*TASK STATEMENT:* Start at the first record below and retype through the last, exactly.

*DATA RECORDS:*
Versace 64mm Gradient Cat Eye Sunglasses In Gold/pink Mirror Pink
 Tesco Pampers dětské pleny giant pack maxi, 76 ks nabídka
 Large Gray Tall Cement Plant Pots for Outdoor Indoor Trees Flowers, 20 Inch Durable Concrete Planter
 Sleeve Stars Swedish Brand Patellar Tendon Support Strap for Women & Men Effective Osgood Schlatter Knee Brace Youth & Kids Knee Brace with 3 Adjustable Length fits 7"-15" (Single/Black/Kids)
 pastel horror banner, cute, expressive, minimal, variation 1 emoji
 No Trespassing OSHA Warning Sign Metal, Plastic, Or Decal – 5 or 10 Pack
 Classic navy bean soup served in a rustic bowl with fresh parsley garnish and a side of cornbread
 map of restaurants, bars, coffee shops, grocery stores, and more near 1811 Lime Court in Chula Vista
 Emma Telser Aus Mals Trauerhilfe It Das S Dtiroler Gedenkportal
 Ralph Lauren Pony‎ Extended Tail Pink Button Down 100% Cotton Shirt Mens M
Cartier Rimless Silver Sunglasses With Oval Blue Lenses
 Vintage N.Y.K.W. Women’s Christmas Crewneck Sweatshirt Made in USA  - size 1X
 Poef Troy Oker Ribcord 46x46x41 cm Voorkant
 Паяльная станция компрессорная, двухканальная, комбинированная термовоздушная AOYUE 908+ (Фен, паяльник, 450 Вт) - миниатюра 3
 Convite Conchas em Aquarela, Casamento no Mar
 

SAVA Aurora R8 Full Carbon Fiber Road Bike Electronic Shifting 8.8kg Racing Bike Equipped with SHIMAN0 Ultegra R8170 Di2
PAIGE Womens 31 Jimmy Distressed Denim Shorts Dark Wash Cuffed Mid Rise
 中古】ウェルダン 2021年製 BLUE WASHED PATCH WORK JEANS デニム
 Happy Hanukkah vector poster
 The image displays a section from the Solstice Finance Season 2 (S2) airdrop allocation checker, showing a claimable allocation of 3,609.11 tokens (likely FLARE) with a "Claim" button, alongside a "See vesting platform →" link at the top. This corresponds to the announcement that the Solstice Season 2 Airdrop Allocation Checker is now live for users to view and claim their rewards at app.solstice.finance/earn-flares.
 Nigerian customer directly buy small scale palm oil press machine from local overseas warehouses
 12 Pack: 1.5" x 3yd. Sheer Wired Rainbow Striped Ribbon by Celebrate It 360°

*SOLUTION TO THIS EXERCISE:*
Versace 64mm Gradient Cat Eye Sunglasses In Gold/pink Mirror Pink
 Tesco Pampers dětské pleny giant pack maxi, 76 ks nabídka
 Large Gray Tall Cement Plant Pots for Outdoor Indoor Trees Flowers, 20 Inch Durable Concrete Planter
 Sleeve Stars Swedish Brand Patellar Tendon Support Strap for Women & Men Effective Osgood Schlatter Knee Brace Youth & Kids Knee Brace with 3 Adjustable Length fits 7"-15" (Single/Black/Kids)
 pastel horror banner, cute, expressive, minimal, variation 1 emoji
 No Trespassing OSHA Warning Sign Metal, Plastic, Or Decal – 5 or 10 Pack
 Classic navy bean soup served in a rustic bowl with fresh parsley garnish and a side of cornbread
 map of restaurants, bars, coffee shops, grocery stores, and more near 1811 Lime Court in Chula Vista
 Emma Telser Aus Mals Trauerhilfe It Das S Dtiroler Gedenkportal
 Ralph Lauren Pony‎ Extended Tail Pink Button Down 100% Cotton Shirt Mens M
Cartier Rimless Silver Sunglasses With Oval Blue Lenses
 Vintage N.Y.K.W. Women’s Christmas Crewneck Sweatshirt Made in USA  - size 1X
 Poef Troy Oker Ribcord 46x46x41 cm Voorkant
 Паяльная станция компрессорная, двухканальная, комбинированная термовоздушная AOYUE 908+ (Фен, паяльник, 450 Вт) - миниатюра 3
 Convite Conchas em Aquarela, Casamento no Mar
 

SAVA Aurora R8 Full Carbon Fiber Road Bike Electronic Shifting 8.8kg Racing Bike Equipped with SHIMAN0 Ultegra R8170 Di2
PAIGE Womens 31 Jimmy Distressed Denim Shorts Dark Wash Cuffed Mid Rise
 中古】ウェルダン 2021年製 BLUE WASHED PATCH WORK JEANS デニム
 Happy Hanukkah vector poster
 The image displays a section from the Solstice Finance Season 2 (S2) airdrop allocation checker, showing a claimable allocation of 3,609.11 tokens (likely FLARE) with a "Claim" button, alongside a "See vesting platform →" link at the top. This corresponds to the announcement that the Solstice Season 2 Airdrop Allocation Checker is now live for users to view and claim their rewards at app.solstice.finance/earn-flares.
 Nigerian customer directly buy small scale palm oil press machine from local overseas warehouses
 12 Pack: 1.5" x 3yd. Sheer Wired Rainbow Striped Ribbon by Celebrate It 360°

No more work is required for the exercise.